## [Extracted material]
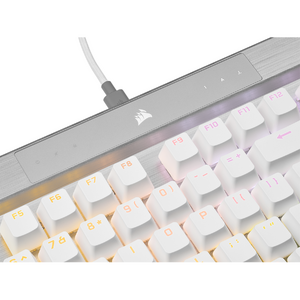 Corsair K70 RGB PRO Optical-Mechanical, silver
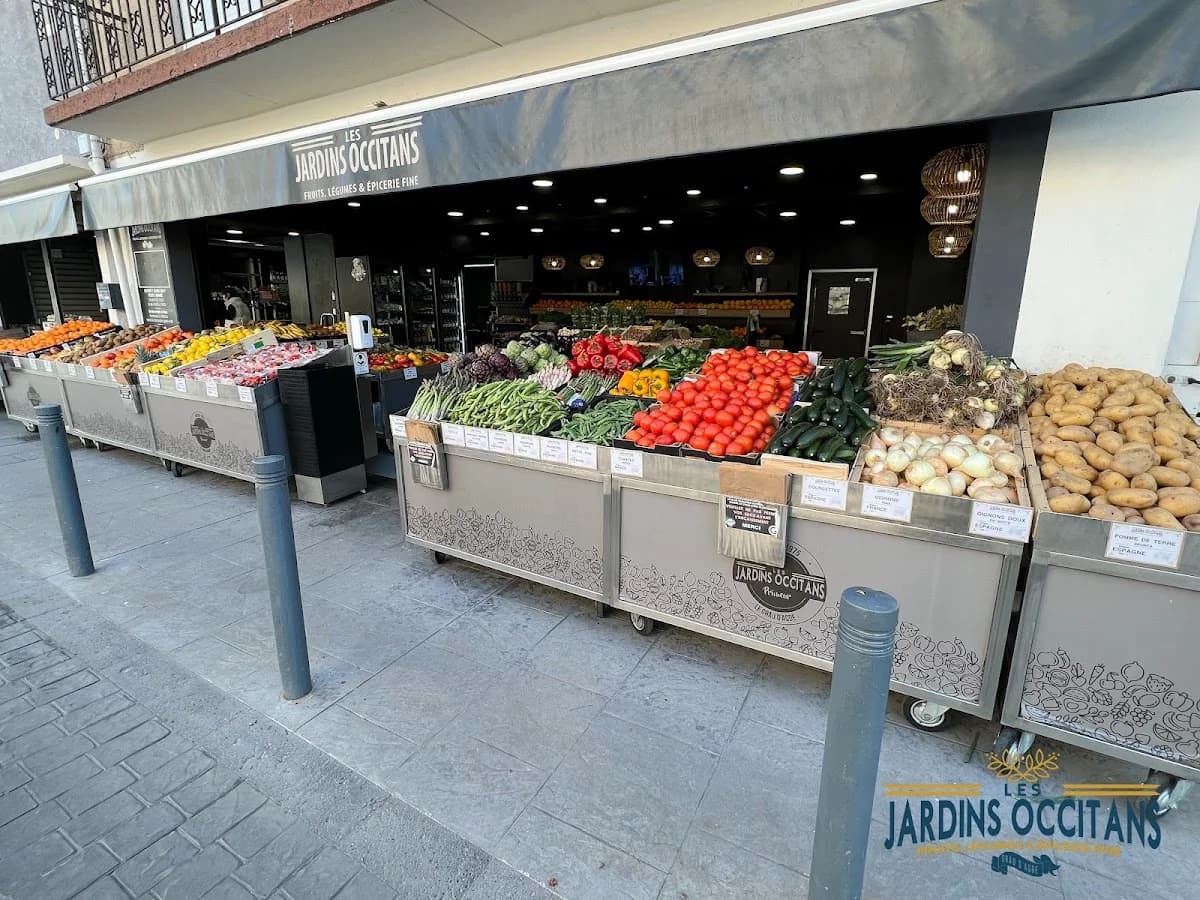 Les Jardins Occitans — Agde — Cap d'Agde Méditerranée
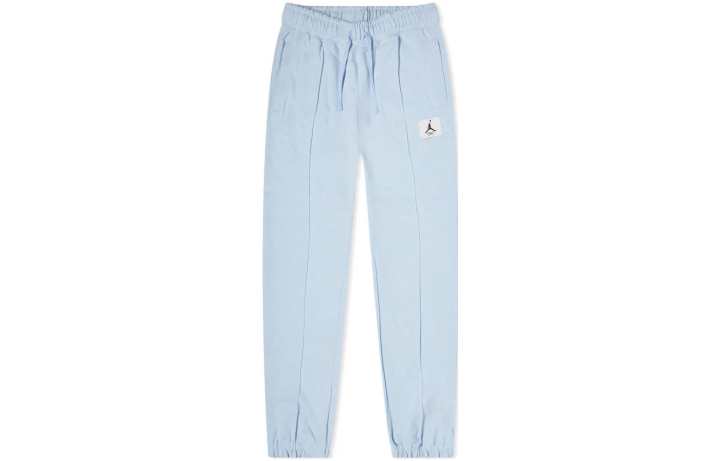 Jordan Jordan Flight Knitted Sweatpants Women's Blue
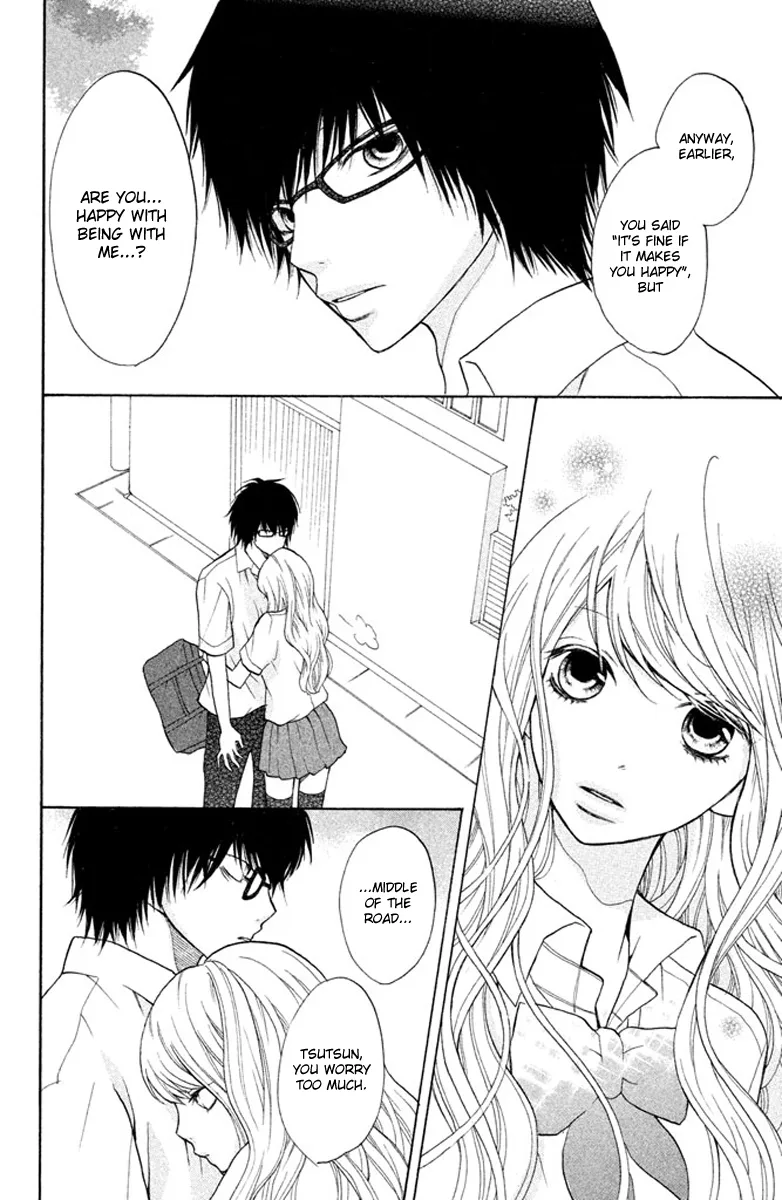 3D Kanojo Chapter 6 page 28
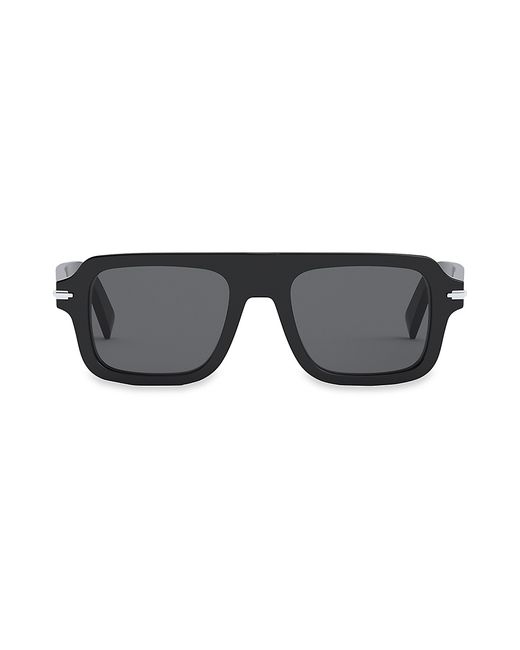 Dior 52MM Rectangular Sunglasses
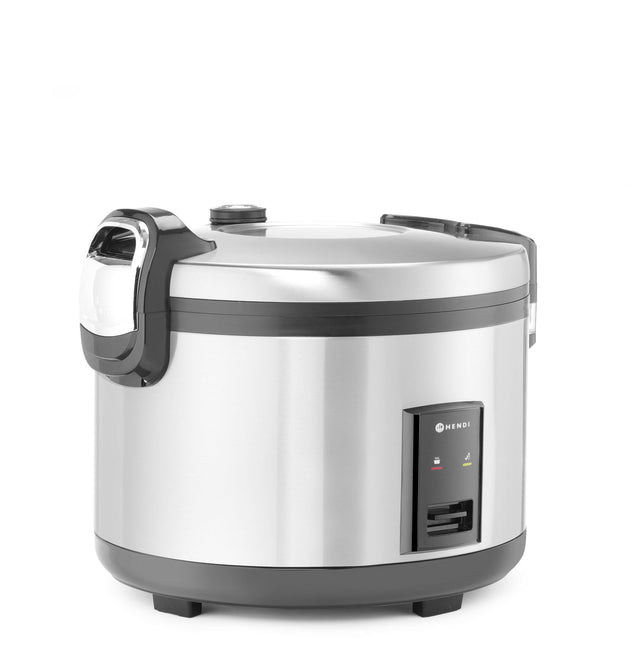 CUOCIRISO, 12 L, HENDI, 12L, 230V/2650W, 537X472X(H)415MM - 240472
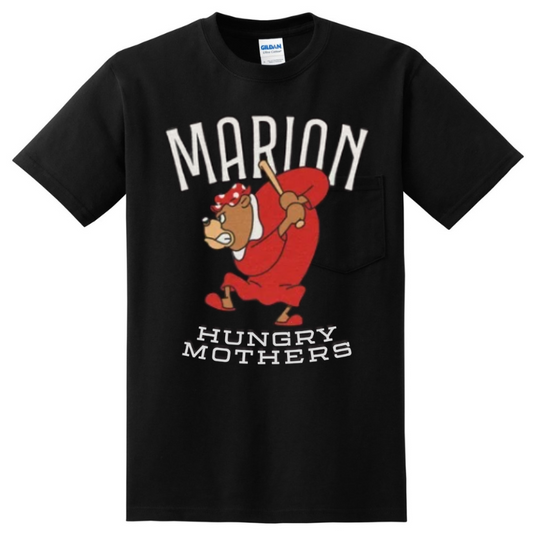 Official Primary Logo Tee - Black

==

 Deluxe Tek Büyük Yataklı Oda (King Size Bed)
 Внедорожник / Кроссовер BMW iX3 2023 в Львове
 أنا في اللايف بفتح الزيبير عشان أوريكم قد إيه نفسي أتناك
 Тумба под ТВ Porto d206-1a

## [What the task asks]
Your reply should hold nothing but the lines above, from the one containing "Jordan Jordan Flight" to the one containing "Official Primary Logo Tee - Black", reproduced exactly minus the pictures.

## [Response to this exercise]
 Jordan Jordan Flight Knitted Sweatpants Women's Blue
 3D Kanojo Chapter 6 page 28
 Dior 52MM Rectangular Sunglasses
 CUOCIRISO, 12 L, HENDI, 12L, 230V/2650W, 537X472X(H)415MM - 240472
 Official Primary Logo Tee - Black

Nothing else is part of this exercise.